● YOUR OBJECTIVE:
Take the line containing "Soft💚Kiwi Green💚Peasant Top - Picture 3 of 4" and every line after it to the end of the material below; reproduce them exactly, without pictures.
= = = = =
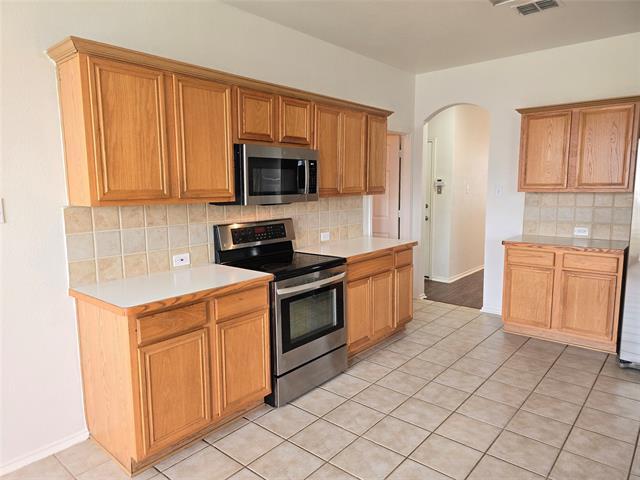 Building Photo - 1332 Pepperidge Ln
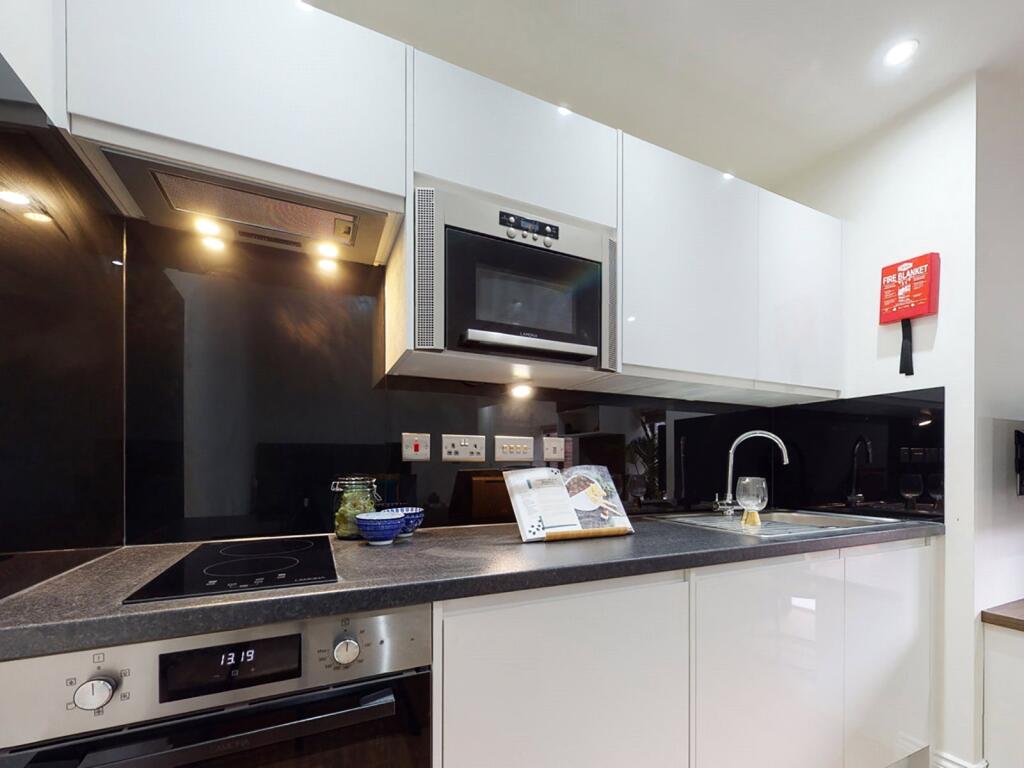 Main image of property: Flat 26, 34 Hyde Terrace #761535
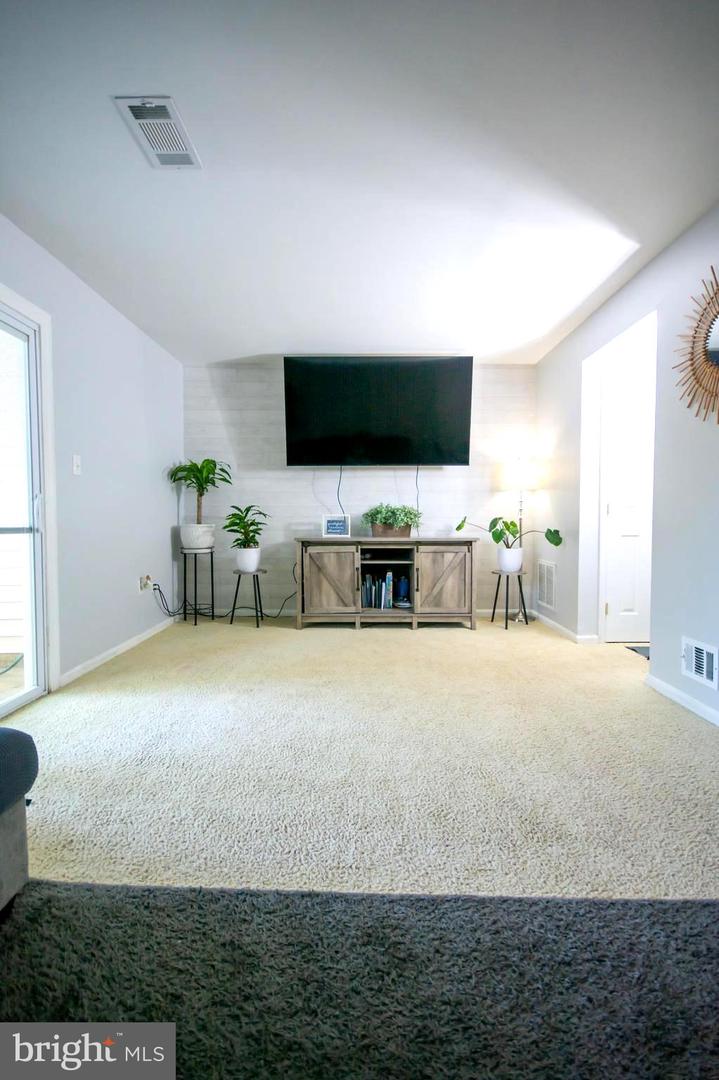8385 IRONGATE WAY, MANASSAS, Virginia 20109, 3 Bedrooms Bedrooms, ,2 BathroomsBathrooms,Residential,For sale,8385 IRONGATE WAY,VAPW2105208 MLS # VAPW2105208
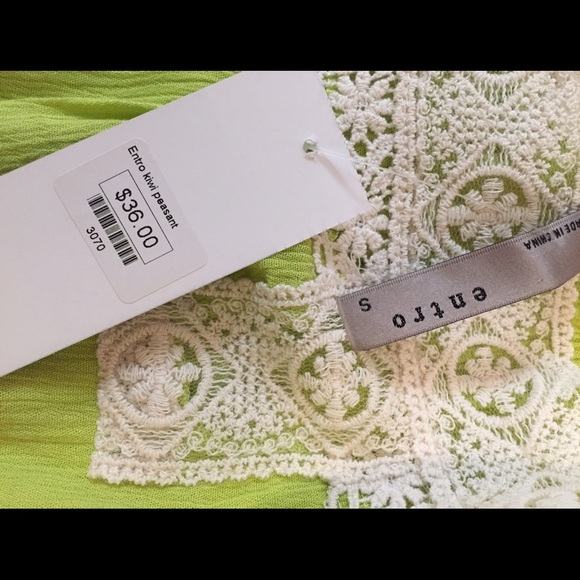 Soft💚Kiwi Green💚Peasant Top - Picture 3 of 4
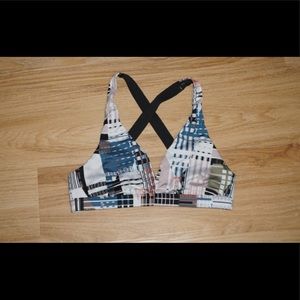 Victoria’s Secret Sports Bra Size Medium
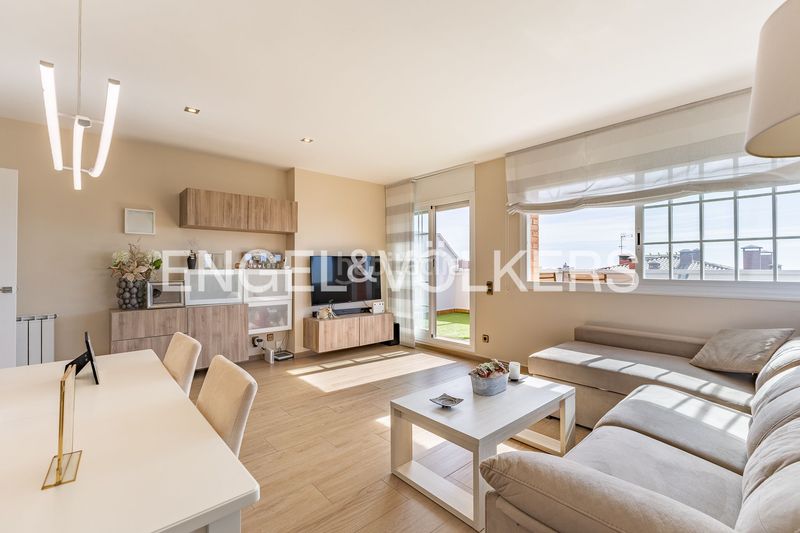 Foto 3d75e6c3-58e4-4882-ad5e-39909be066fc. Àtic amb calefacció aparcament a Camí de la Serra Mataró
= = = = =
● ANSWER AREA:
 Soft💚Kiwi Green💚Peasant Top - Picture 3 of 4
 Victoria’s Secret Sports Bra Size Medium
 Foto 3d75e6c3-58e4-4882-ad5e-39909be066fc. Àtic amb calefacció aparcament a Camí de la Serra Mataró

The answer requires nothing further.